# INSTRUCTIONS TO FOLLOW
The lines from the first line of the entries through the line containing "Back View - Cameo" are to be repeated exactly, with both of those lines included.

Extracted records
-------
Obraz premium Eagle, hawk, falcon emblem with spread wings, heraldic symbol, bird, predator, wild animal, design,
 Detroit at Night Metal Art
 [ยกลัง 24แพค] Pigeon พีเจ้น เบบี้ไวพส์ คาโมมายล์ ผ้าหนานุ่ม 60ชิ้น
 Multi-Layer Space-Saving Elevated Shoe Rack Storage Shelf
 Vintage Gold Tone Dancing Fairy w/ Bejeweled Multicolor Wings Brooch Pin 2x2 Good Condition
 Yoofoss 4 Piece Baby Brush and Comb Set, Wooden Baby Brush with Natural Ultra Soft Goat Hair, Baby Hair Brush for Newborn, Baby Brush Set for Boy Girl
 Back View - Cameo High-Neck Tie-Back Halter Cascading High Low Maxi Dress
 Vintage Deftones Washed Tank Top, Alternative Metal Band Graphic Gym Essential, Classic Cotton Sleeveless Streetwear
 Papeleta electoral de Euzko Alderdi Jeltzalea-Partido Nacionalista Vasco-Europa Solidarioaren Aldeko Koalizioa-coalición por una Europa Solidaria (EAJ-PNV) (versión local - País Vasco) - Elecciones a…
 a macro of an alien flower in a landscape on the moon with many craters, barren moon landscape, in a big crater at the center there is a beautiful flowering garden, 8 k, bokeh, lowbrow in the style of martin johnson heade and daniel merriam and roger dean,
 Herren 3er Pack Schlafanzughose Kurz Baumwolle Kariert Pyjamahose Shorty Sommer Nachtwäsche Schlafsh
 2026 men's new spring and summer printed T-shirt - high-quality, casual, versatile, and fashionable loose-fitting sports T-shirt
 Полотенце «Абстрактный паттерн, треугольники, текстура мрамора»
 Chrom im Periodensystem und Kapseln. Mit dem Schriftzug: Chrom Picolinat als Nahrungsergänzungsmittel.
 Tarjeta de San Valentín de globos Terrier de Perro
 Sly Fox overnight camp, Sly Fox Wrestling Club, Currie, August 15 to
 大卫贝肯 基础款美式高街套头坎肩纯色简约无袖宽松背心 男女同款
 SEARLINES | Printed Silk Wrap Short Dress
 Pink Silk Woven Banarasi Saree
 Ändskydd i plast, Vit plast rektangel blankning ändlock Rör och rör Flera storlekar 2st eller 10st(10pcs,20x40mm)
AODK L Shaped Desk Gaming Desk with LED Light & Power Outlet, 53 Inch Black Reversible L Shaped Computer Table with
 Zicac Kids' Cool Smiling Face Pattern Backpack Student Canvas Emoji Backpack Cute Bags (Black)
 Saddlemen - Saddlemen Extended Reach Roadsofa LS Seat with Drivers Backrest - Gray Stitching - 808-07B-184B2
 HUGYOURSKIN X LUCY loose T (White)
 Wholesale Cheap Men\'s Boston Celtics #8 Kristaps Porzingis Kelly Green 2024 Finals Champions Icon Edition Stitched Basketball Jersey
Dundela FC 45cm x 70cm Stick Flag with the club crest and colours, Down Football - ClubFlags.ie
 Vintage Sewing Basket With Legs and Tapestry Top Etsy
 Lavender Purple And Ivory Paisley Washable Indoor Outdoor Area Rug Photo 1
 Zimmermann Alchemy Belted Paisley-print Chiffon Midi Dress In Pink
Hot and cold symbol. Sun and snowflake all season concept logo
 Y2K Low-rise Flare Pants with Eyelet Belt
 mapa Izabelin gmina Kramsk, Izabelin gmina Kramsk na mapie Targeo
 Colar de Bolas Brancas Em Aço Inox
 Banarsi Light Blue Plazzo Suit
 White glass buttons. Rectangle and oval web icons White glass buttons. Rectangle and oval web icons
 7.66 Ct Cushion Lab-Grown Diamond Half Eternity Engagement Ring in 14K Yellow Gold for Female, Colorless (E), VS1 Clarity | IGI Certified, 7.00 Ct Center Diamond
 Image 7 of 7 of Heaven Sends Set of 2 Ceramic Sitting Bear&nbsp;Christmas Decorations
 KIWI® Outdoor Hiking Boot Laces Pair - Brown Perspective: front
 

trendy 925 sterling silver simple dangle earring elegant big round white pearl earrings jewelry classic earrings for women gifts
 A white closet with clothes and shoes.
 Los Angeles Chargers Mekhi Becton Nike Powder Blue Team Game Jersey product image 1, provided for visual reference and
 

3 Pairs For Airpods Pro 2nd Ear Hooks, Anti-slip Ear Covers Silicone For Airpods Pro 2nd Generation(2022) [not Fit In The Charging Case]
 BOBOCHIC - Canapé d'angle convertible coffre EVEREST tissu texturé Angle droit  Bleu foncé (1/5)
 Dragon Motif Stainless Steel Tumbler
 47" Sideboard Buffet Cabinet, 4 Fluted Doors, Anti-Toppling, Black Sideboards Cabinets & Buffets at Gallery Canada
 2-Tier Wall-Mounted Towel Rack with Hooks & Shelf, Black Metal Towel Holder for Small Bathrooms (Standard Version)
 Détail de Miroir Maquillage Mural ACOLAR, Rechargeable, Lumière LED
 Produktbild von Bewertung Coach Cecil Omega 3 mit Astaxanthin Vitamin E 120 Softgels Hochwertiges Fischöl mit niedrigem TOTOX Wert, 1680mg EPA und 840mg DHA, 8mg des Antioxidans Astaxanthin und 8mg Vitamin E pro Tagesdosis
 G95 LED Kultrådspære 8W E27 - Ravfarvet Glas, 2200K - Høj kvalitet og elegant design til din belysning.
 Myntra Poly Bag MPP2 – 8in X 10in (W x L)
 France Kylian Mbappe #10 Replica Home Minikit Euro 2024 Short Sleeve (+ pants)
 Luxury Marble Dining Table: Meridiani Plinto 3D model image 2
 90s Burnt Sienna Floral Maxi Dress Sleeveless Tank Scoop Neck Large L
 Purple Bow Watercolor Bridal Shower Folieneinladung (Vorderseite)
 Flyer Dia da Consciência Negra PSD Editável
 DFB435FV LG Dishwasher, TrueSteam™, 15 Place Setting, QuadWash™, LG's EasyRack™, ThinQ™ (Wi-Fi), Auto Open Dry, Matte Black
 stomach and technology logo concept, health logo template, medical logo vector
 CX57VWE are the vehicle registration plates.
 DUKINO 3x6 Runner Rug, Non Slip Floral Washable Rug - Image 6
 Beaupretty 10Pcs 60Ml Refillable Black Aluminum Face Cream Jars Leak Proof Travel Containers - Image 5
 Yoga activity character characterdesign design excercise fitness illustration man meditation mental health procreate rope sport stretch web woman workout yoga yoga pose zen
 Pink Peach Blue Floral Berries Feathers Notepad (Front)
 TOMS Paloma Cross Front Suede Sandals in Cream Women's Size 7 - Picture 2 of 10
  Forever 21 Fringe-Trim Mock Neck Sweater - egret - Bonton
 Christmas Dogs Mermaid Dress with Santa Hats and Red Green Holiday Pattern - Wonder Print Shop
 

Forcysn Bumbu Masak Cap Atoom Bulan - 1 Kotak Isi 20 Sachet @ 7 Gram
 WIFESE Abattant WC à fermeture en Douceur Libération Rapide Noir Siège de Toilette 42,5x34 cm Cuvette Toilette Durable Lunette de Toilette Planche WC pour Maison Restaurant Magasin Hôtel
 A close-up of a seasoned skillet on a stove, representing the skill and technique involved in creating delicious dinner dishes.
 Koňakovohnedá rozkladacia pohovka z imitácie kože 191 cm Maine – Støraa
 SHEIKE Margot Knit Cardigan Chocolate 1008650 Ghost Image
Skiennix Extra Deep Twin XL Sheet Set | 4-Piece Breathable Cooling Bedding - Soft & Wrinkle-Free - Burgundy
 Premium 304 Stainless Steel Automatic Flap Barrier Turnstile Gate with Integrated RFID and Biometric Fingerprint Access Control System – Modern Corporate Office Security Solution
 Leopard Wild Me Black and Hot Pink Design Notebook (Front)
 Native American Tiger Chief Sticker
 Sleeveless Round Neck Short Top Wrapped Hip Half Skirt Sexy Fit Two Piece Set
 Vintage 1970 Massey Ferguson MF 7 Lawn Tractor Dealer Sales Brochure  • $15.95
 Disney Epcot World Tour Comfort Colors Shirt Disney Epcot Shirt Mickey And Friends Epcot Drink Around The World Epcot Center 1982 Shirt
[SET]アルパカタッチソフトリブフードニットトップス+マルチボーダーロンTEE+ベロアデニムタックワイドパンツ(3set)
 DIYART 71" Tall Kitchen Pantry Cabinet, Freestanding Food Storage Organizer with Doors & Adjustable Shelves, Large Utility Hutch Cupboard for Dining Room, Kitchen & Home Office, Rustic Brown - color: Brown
-------
# SOLUTION FOR THIS PROBLEM
Obraz premium Eagle, hawk, falcon emblem with spread wings, heraldic symbol, bird, predator, wild animal, design,
 Detroit at Night Metal Art
 [ยกลัง 24แพค] Pigeon พีเจ้น เบบี้ไวพส์ คาโมมายล์ ผ้าหนานุ่ม 60ชิ้น
 Multi-Layer Space-Saving Elevated Shoe Rack Storage Shelf
 Vintage Gold Tone Dancing Fairy w/ Bejeweled Multicolor Wings Brooch Pin 2x2 Good Condition
 Yoofoss 4 Piece Baby Brush and Comb Set, Wooden Baby Brush with Natural Ultra Soft Goat Hair, Baby Hair Brush for Newborn, Baby Brush Set for Boy Girl
 Back View - Cameo High-Neck Tie-Back Halter Cascading High Low Maxi Dress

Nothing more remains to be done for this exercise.